The Company reserves the right to exercise sole control over the defense, at the Purchaser’s expense, of any claim subject to indemnification under this section, including the choice of legal counsel. This indemnity is additional and not a replacement for any other indemnities provided in any other written agreement between the Purchaser and the Company.

Any Indemnified Party or other identifiable person who is not a party to these Terms may enforce any rights granted to them under these Terms as if they were a party to these Terms. However, apart from this provision, any person who is not a party to these Terms shall not have the right to enforce any term of these Terms.

Notwithstanding the above, the consent of or notice to any person who is not a party to these Terms shall not be required for any termination, rescission, variation, waiver, assignment, novation, release, or settlement under these Terms at any time. The Company may act conclusively upon and shall incur no liability regarding any action taken based on any notice, consent, request, instructions, or other instrument believed in good faith to be genuine, regardless of the manner in which it was given.

The Company will protect and indemnify its agents, delegates, service providers, officers, directors, and other representatives against liability.


To the fullest extent allowed by applicable law, you hereby release the Company and all other Indemnified Parties from any and all responsibility, liability, claims, demands, and damages (both actual and consequential) of any kind and nature, whether known or unknown, arising out of or related to disputes between users and the acts or omissions of third parties. This release includes claims of negligence or any other legal basis.

You expressly waive any rights you may have under any statute or legal principles that would otherwise limit the scope of this release to only those claims you may know or suspect to exist in your favor at the time of agreeing to this release. In essence, this release covers all potential claims, whether presently known to you or not, and ensures that the Company and the other Indemnified Parties are fully released from liability to the maximum extent permitted by applicable law.

Representations, Warranties and Eligibility

By purchasing, holding, and/or using the Tokens, you affirm and guarantee that:

  • You are at least 18 years old.
  • You possess full legal capacity and authority to enter into this agreement.
  • You have not been previously suspended or removed from using our services.
  • You have not been listed on any of the sanctions lists maintained by the United Nations, European Union, any EU country, UK Treasury, or US Office of Foreign Assets Control (OFAC).

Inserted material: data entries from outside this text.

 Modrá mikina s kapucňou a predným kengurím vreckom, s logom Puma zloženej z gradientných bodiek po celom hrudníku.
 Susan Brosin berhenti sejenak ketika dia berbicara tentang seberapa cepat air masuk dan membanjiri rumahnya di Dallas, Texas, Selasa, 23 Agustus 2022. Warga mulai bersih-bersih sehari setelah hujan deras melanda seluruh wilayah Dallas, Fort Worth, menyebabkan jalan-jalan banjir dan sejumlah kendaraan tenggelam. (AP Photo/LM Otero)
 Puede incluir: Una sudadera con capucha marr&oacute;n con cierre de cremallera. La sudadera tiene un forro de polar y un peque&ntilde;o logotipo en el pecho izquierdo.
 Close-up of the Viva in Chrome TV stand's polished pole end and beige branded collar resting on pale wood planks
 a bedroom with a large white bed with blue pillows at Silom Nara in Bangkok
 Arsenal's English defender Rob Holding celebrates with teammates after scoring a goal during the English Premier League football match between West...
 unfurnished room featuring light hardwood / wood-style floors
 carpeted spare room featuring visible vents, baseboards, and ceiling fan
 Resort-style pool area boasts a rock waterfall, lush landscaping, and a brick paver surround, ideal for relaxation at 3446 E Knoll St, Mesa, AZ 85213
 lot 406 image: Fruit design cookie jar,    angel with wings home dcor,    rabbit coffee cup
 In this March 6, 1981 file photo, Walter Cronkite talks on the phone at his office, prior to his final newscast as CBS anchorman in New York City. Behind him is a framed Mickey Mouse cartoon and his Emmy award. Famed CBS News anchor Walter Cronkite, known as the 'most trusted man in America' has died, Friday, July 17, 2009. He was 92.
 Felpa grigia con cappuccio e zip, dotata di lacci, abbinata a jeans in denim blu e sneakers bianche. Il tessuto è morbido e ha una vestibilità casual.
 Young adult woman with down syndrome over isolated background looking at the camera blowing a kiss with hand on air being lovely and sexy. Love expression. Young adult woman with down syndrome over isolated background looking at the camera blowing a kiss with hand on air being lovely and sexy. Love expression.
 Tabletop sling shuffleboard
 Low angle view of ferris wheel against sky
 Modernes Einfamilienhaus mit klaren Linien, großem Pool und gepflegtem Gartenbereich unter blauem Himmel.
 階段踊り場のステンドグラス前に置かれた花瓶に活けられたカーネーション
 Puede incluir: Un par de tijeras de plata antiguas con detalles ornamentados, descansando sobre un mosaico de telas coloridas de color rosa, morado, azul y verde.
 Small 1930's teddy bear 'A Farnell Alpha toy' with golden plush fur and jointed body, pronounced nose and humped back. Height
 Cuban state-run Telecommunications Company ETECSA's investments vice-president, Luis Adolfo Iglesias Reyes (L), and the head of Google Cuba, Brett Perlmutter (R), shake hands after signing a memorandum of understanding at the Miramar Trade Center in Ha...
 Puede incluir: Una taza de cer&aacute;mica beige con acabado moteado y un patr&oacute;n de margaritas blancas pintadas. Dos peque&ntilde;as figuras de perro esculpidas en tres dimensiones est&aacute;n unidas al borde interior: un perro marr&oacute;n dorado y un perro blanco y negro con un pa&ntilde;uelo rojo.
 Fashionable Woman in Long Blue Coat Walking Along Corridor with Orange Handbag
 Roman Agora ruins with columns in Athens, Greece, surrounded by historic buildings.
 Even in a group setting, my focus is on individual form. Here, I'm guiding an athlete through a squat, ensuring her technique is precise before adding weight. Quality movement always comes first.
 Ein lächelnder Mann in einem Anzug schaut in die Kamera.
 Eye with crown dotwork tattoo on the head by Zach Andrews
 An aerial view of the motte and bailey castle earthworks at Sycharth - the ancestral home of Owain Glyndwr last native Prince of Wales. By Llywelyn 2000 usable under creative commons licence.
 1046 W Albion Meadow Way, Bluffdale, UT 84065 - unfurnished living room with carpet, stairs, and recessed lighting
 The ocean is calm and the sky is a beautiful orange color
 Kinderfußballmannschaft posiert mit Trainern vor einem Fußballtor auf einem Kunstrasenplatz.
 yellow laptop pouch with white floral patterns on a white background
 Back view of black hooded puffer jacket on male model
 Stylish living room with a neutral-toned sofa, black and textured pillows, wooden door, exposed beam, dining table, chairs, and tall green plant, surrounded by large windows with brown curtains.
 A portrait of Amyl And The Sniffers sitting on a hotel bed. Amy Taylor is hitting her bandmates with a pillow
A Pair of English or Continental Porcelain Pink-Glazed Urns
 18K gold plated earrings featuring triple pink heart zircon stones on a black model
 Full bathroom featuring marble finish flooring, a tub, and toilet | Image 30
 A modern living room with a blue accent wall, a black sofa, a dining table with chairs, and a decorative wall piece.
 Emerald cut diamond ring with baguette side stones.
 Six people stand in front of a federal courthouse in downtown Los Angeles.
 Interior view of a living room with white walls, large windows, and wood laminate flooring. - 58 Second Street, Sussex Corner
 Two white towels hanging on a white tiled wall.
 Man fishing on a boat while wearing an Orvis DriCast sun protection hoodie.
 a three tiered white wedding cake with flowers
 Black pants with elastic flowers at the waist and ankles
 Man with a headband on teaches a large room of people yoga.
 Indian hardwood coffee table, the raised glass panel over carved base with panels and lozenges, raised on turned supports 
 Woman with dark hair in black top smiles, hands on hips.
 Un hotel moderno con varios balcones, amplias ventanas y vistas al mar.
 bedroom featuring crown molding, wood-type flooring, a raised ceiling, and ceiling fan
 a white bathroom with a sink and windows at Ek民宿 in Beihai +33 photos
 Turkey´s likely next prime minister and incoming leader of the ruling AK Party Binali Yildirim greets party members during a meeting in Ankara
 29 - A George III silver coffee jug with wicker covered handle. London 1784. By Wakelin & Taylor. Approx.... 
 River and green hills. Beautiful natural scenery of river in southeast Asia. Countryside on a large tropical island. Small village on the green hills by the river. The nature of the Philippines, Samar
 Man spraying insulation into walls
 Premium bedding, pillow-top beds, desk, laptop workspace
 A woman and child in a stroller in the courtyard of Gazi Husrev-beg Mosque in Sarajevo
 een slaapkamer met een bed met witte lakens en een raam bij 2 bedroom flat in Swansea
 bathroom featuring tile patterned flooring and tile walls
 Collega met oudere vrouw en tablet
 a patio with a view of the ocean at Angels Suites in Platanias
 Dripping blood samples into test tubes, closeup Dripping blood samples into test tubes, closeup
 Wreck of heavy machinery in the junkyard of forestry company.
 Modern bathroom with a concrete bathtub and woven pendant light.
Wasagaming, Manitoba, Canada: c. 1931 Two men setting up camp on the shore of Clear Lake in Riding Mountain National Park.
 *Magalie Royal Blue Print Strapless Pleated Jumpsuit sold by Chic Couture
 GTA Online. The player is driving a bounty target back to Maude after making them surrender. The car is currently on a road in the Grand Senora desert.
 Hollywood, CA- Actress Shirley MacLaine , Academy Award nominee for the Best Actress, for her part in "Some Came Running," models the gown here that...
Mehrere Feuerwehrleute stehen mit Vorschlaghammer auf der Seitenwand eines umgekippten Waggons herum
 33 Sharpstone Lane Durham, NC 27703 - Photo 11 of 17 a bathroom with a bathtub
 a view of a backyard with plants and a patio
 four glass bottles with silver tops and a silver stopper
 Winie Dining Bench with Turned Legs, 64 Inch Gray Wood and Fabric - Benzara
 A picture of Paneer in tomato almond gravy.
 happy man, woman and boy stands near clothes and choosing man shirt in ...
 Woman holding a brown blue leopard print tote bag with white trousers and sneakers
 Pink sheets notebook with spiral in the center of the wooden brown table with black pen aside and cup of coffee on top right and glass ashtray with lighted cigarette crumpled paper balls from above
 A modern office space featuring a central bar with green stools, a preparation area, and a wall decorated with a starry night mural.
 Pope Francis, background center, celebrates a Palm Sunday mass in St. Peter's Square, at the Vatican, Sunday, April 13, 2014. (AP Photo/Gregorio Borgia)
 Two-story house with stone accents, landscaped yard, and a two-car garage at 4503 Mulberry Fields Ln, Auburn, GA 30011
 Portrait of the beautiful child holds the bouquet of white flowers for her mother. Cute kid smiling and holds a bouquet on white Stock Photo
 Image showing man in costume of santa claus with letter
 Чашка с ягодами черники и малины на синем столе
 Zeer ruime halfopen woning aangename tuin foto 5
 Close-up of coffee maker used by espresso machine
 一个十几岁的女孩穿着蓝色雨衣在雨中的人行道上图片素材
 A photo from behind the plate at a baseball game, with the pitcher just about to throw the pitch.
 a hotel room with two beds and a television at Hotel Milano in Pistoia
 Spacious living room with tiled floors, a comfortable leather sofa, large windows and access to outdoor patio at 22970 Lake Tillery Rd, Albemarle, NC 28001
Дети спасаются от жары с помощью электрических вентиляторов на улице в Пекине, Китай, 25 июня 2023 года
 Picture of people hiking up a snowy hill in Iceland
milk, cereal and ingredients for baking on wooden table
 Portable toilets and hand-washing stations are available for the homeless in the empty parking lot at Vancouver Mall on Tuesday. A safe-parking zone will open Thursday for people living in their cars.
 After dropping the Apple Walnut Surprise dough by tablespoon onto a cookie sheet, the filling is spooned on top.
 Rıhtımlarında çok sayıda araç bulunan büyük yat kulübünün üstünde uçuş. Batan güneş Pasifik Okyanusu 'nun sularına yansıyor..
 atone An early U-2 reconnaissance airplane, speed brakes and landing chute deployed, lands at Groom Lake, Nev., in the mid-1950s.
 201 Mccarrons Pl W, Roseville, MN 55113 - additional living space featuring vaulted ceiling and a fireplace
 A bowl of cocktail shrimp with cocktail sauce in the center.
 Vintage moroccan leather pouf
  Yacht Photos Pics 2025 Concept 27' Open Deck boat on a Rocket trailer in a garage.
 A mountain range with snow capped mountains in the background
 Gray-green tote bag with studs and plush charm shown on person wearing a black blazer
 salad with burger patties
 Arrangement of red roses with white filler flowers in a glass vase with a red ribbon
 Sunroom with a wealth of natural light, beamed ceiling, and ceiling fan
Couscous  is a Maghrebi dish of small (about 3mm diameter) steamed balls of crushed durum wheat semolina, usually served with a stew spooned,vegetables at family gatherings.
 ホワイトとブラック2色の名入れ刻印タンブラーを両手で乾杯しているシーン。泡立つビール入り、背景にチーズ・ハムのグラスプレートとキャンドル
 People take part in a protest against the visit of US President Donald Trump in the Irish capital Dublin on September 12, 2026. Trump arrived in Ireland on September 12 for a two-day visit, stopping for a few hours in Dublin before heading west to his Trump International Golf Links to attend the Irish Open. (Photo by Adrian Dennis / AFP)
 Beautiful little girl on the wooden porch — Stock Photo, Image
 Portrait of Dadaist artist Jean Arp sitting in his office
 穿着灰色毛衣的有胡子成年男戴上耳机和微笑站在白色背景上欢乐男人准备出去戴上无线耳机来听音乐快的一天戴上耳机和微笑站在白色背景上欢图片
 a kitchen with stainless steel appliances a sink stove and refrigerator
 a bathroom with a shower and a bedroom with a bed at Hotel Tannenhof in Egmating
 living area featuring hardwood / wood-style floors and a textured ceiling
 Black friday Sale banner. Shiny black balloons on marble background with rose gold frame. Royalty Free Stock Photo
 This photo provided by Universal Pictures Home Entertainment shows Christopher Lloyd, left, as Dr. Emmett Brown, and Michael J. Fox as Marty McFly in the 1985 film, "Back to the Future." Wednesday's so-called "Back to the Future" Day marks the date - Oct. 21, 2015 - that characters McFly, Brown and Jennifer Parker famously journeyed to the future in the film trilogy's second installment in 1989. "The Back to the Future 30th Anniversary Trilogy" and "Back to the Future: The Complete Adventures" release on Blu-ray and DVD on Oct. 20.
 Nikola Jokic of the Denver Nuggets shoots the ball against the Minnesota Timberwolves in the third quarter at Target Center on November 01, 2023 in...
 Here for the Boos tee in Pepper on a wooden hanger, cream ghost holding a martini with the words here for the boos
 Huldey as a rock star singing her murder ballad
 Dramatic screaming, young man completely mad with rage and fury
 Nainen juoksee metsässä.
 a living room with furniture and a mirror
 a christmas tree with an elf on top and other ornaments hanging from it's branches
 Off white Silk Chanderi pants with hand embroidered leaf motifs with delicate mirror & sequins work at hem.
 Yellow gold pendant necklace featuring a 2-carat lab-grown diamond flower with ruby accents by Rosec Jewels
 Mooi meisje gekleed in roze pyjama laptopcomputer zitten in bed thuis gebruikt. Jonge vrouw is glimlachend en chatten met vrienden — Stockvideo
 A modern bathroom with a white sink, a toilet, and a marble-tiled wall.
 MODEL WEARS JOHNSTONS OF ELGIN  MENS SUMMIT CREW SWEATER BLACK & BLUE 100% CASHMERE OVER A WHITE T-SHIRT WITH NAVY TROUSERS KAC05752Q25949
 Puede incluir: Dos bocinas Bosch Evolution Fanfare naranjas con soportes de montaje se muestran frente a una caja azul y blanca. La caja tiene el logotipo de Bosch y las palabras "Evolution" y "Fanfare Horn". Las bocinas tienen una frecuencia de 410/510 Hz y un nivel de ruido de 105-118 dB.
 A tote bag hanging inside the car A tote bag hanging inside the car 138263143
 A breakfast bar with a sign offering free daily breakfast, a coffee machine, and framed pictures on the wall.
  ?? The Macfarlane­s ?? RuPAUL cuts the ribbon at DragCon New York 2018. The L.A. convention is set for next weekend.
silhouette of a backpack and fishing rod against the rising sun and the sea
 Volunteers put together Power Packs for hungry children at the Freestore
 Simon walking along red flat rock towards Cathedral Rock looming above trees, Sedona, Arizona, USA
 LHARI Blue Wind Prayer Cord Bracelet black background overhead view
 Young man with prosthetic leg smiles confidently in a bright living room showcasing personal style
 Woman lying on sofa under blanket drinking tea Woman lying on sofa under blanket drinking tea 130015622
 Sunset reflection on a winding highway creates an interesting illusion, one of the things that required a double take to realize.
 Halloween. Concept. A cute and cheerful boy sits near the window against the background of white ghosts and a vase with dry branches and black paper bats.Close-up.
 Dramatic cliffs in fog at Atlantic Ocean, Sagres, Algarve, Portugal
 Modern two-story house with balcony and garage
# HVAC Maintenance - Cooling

If you are using the services on behalf of a legal entity, you further represent and warrant that:

  • The legal entity is duly organized and validly existing under the applicable laws of its jurisdiction.
  • You are duly authorized by the legal entity to act on its behalf.
  • Any beneficial owner of the legal entity, director, employee, service provider, or any other individual connected with the Company is not listed on any of the sanctions lists maintained by the United Nations, European Union, any EU country, UK Treasury, or US Office of Foreign Assets Control (OFAC).

The Company reserves the right to implement any and all necessary measures to monitor your compliance with this Section 11.


Limitation of liability


The Purchaser acknowledges and agrees that, to the fullest extent permitted by law, the disclaimer of liability contained herein applies to any and all damages or injuries caused by or related to:

  • The use of the Tokens or the inability to use the Tokens.
  • The Company, together with the Indemnified Parties, under any cause of action in any jurisdiction, including but not limited to actions for breach of warranty, breach of contract, tort (including negligence), or any other legal basis.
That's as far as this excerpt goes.